TASK TO COMPLETE: Output range, inclusive: from the line containing "Westbrook, ME 04092" to the line containing "Tappeto Sumak 4'1''". Restate those lines from the data below word for word and only those.

# # # # #

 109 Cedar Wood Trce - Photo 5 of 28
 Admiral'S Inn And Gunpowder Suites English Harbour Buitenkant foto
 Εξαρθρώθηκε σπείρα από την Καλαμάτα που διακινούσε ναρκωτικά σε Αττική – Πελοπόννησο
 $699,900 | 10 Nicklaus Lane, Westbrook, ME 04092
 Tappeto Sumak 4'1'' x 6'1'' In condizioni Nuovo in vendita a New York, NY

# # # # #

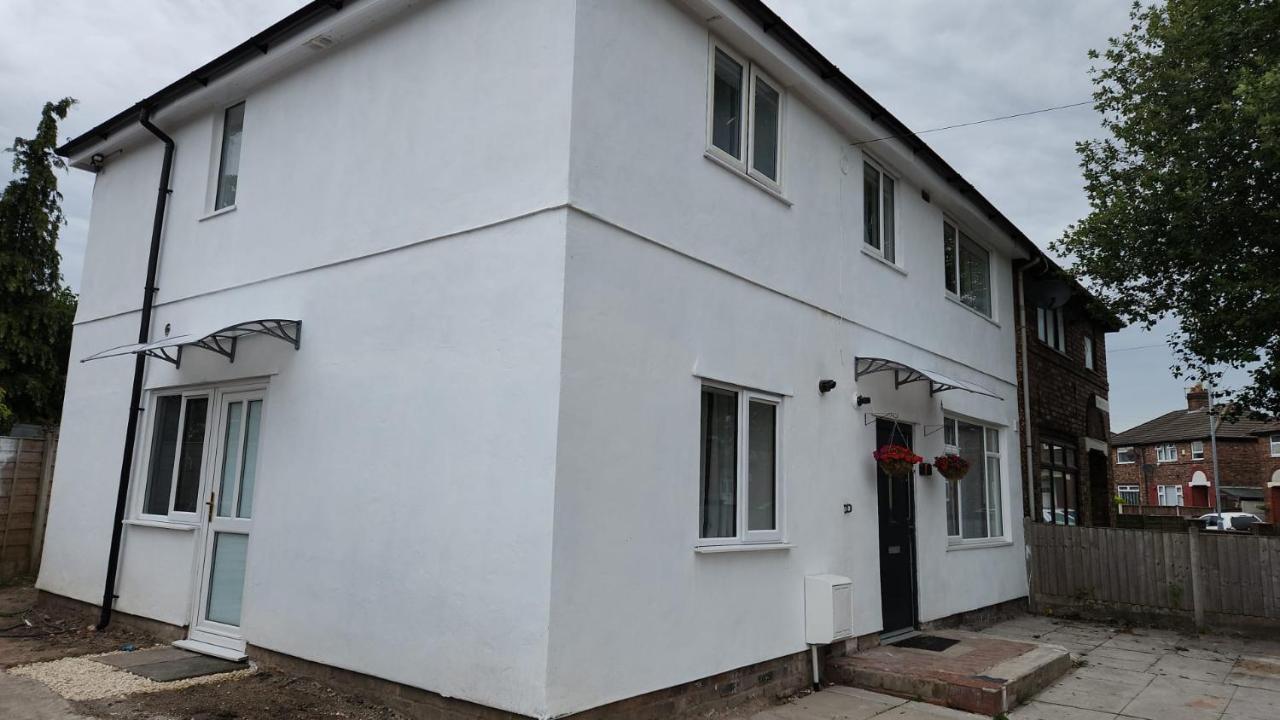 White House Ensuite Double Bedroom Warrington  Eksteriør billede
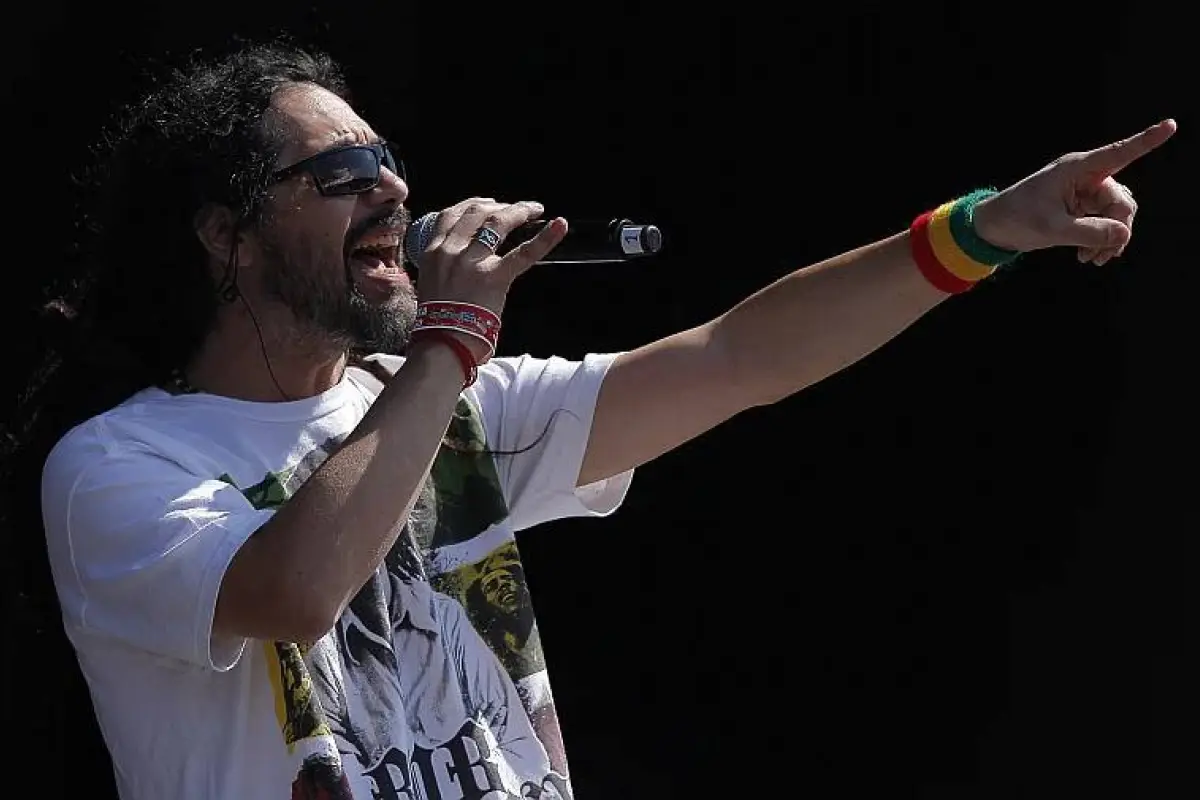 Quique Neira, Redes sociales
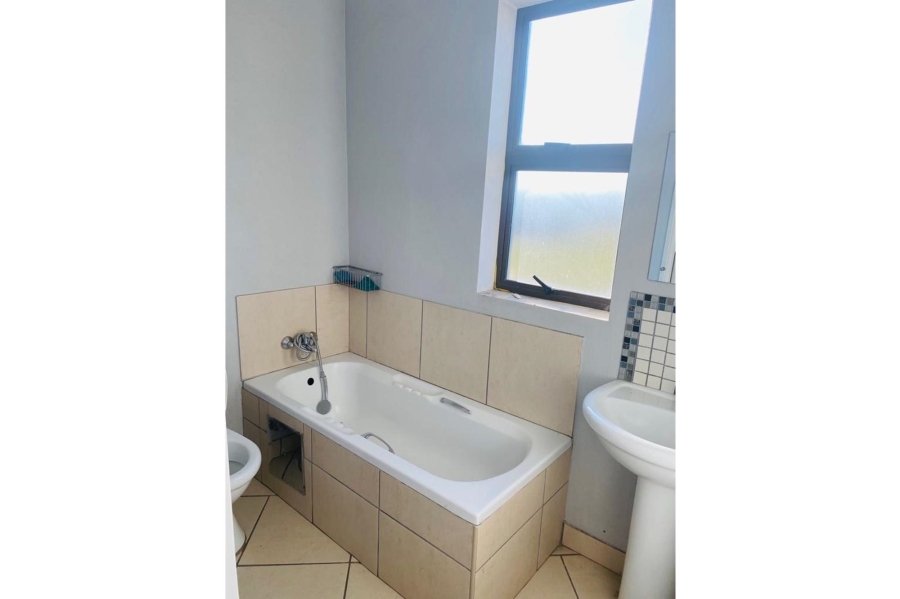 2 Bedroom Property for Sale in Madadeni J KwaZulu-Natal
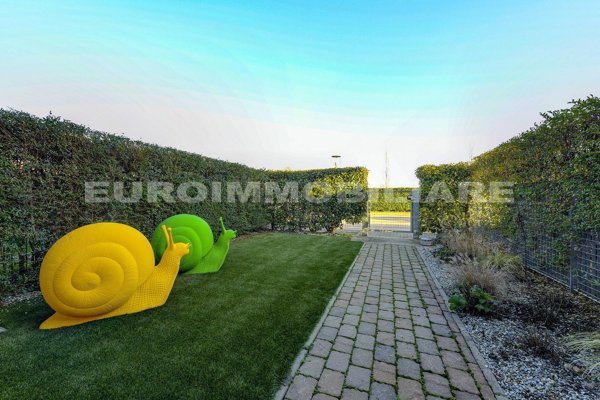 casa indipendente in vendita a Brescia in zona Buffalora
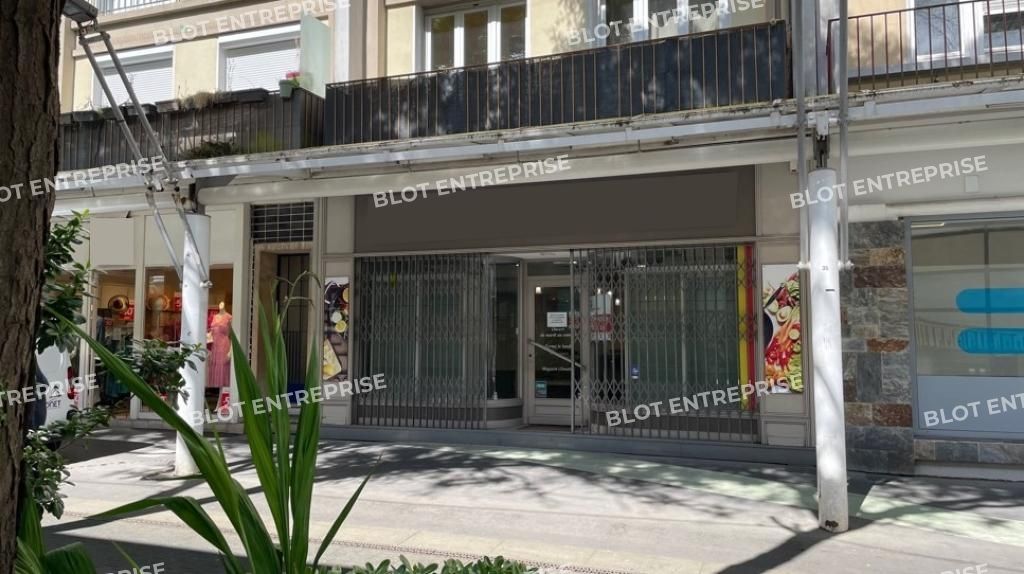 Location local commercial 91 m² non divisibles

# # # # #

WRITTEN RESPONSE:
 $699,900 | 10 Nicklaus Lane, Westbrook, ME 04092
 Tappeto Sumak 4'1'' x 6'1'' In condizioni Nuovo in vendita a New York, NY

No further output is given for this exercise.